>Great point, thank you. However, I think this leaves out many companies - those that don't have job postings
Unless you're planning to cold call people and get them to pinky swear to tell you honestly what they're using or you have some other plan then you're somewhat stuck anyway for companies that don't post jobs.
Also worth noting but plenty of companies won't even really tell you anyway. E.g plenty of companies will have language like "systems programming language" or "object oriented language". When they could be using anything from C-family to Haskell (leaving aside how secretive many Haskell jobs are or being hidden in custom dialects) You are going to be running into all kinds of human BS, it'll be fun but a can of worms nonetheless.
>I think a job board like startup.jobs would solve this by creating a job archive - then it would be prime scraping material.

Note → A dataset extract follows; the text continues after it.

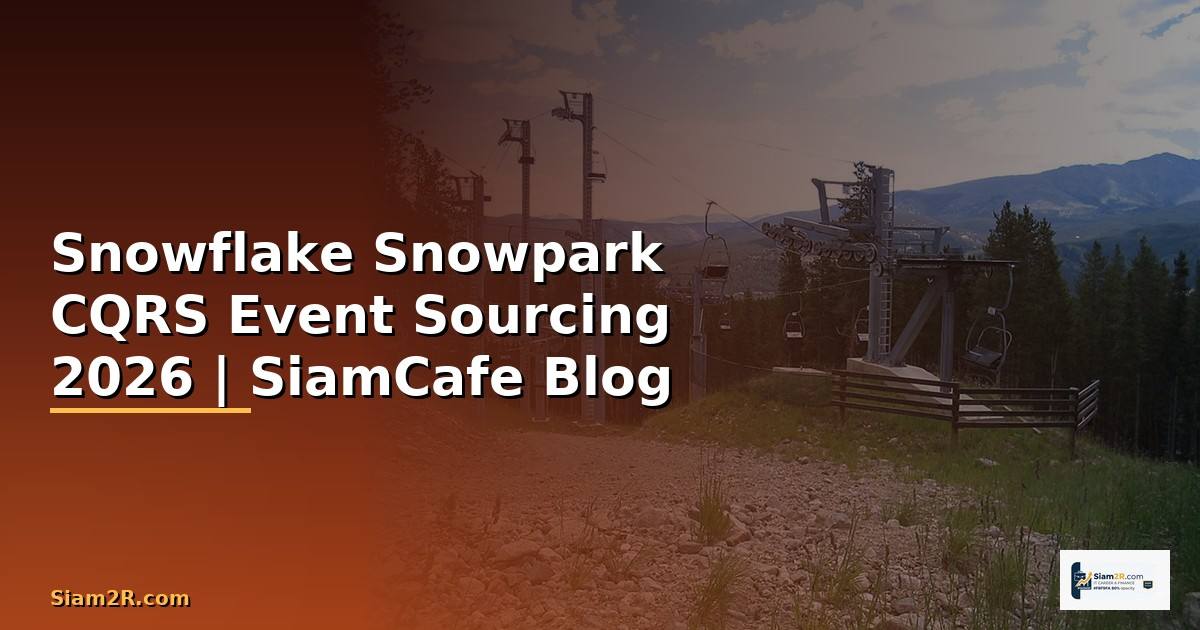 Snowflake Snowpark CQRS Event Sourcing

But it's only a job board with (mainly) current jobs
Not sure how much experience you have modelling data but this can also be trickier than expected to capture postings by date even leaving aside the fun of unstructured data and differences in models between platforms and your judgement calls needed to decide where you're crawling.
Having cut my teeth scraping property listings of competitor websites you come to realise most boards incentivise people to delete and repost ads so they boost their recency score and appear higher in the search. So now you will have duplicates messing up your data which you want to deal with if you're trying to create value off your data.
The classified site also doesn't like this so will try to stop this gaming of the system so that game of cat and mouse will normally mess up your scraping and dedupe logic too.
As said it's a potentially fun can of worms to open. I was just making a joke about HN commenters tendency to massively underestimate the oceans of complexity that seperates their hello world project from an enterprise grade "just a CRUD app" system that people pay for. E.g all the people that could totally build twitter with a sqlite DB and some bash scripts + sellotape etc.